Another pain is activation. When you retrieve or delete an object from DB4O, by default it will activate the whole object tree. For example, loading a Foo will load Foo.Bar.Baz.Bat, etc until there's nothing left to load. While this is nice from a programming standpoint, performance will slow down the more nesting in your objects. To improve performance, you can tell DB4O how many levels deep to activate. This is time-consuming to do if you've got a lot of objects.
Another area of pain was text searching. DB4O's text searching is far, far slower than SQL full text indexing. (They'll tell you this outright on their site.) The good news is, it's easy to setup a text searching engine on top of DB4O. On our project, we've hooked up Lucene.NET to index the text fields we want.
Some APIs don't seem to work, such as the GetField APIs useful in applying database upgrades. (For example, you've renamed a property and you want to upgrade your existing objects in the database, you need to use these "reflection" APIs to find objects in the database. Other APIs, such as the [Index] attribute don't work in the stable 6.4 version, and you must instead specify indexes using the Configure().Index("someField"), which is not strongly typed.
We've witnessed performance degrade the larger your database. We have a 1GB database right now and things are still fast, but not nearly as fast as when we started with a tiny database.
We've found another issue where Db4O.GetByID will close the database if the ID doesn't exist anymore in the database.
We've found the Native Query syntax (the most natural, language-integrated syntax for queries) is far, far slower than the less-friendly SODA queries. So instead of typing:
// C# syntax for "Find all MyFoos with Bar == 23".
// (Note the Java syntax is more verbose using the Predicate class.)
IList<MyFoo> results = db4o.Query<MyFoo>(input => input.Bar == 23);
Instead of that nice query code, you have to an ugly SODA query which is string-based and not strongly-typed.
For .NET folks, they've recently introduced a LINQ-to-DB4O provider, which provides for the best syntax yet. However, it's yet to be seen whether performance will be up-to-par with the ugly SODA queries.
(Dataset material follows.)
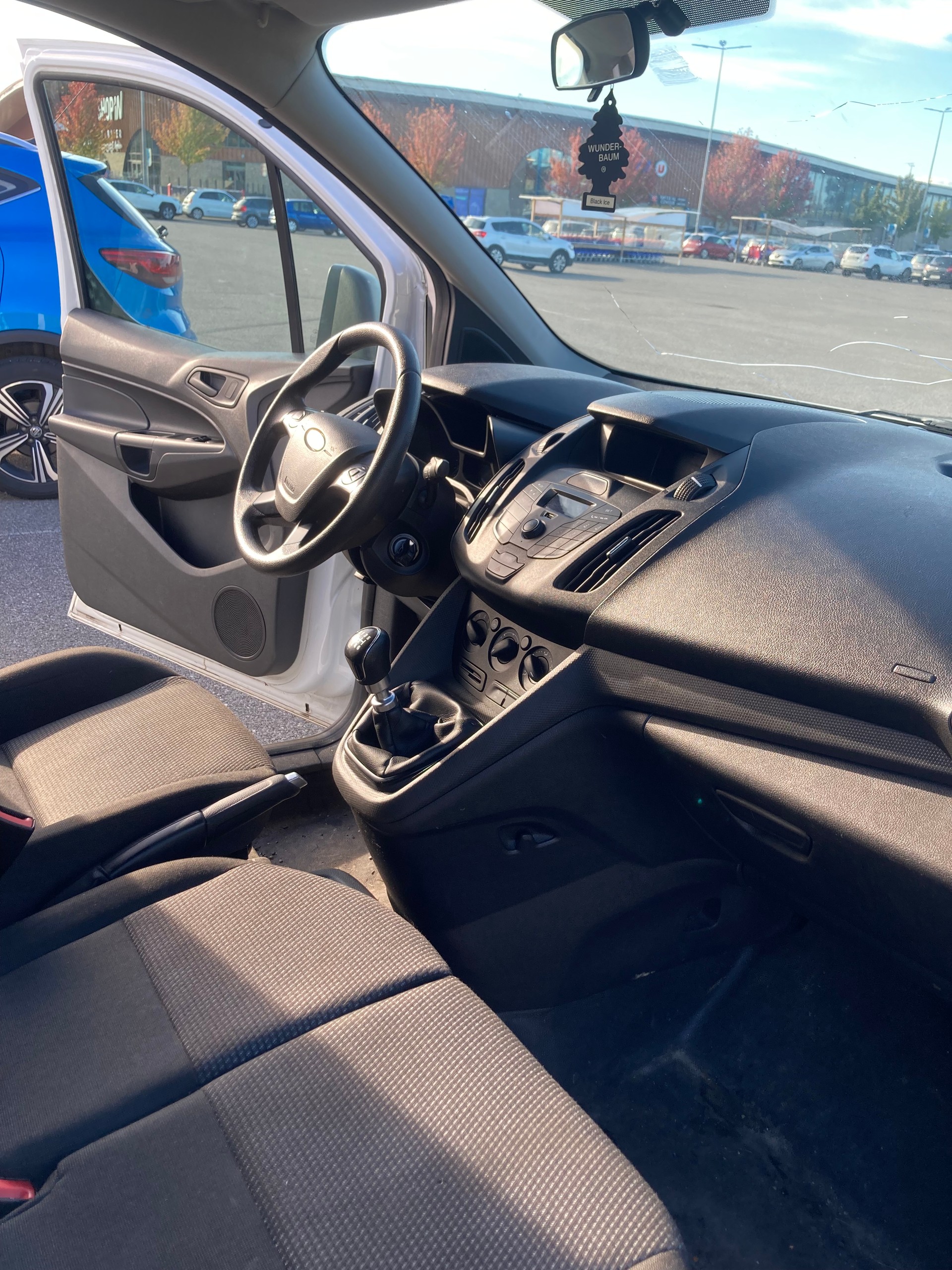 FORD 1.0 EcoB 100 Trend-image-4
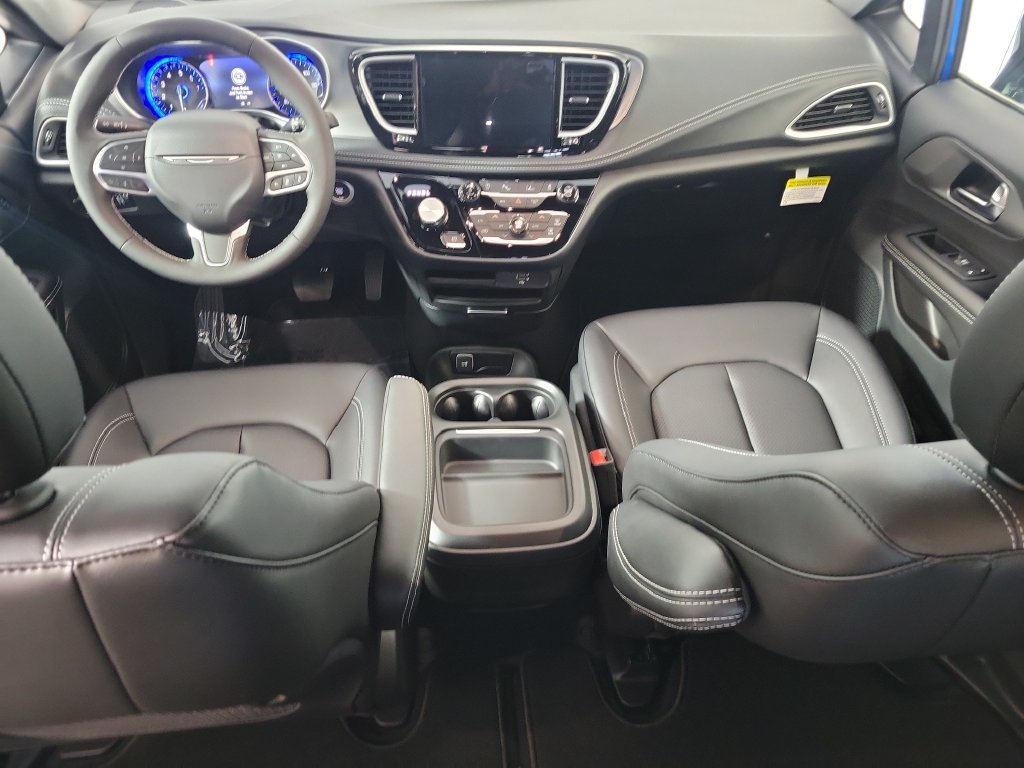 New 2027 Chrysler Pacifica Select FWD image 14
DB4O support has been decent: we've talked to them on the phone a number of times and have received helpful info. Their user forums are next to worthless, however, almost all questions go unanswered. Their JIRA bug tracker receives a lot of attention, so if you've got a nagging bug, file it on JIRA on it often will get fixed. (We've had 2 bugs that have been fixed, and another one that got patched in a half-assed way.)
If all this hasn't scared you off, let me say that we're very happy with DB4O, despite the problems we've encountered. The performance we've got has blown away some O/RM frameworks we tried. I recommend it.
update July 2015 Keep in mind, this answer was written back in 2008. While I appreciate the upvotes, the world has changed since then, and this information may not be as reliable as it was when it was written.
Most native queries can and are efficiently converted into SODA queries behind the scenes so that should not make a difference. Using NQ is of course preferred as you remain in the realms of strong typed language. If you have problems getting NQ to use indexes please feel free to post your problem to the db4o forums and we'll try to help you out.
Goran
Main problem I've encountered with it is reporting. There just doesn't seem to be any way to run efficient reports against a db4o data source.
Judah, it sounds like you are not using transparent activation, which is a feature of the latest production version (7.4)? Perhaps if you specified the version you are using as there may be other issues which are now resolved in the latest version?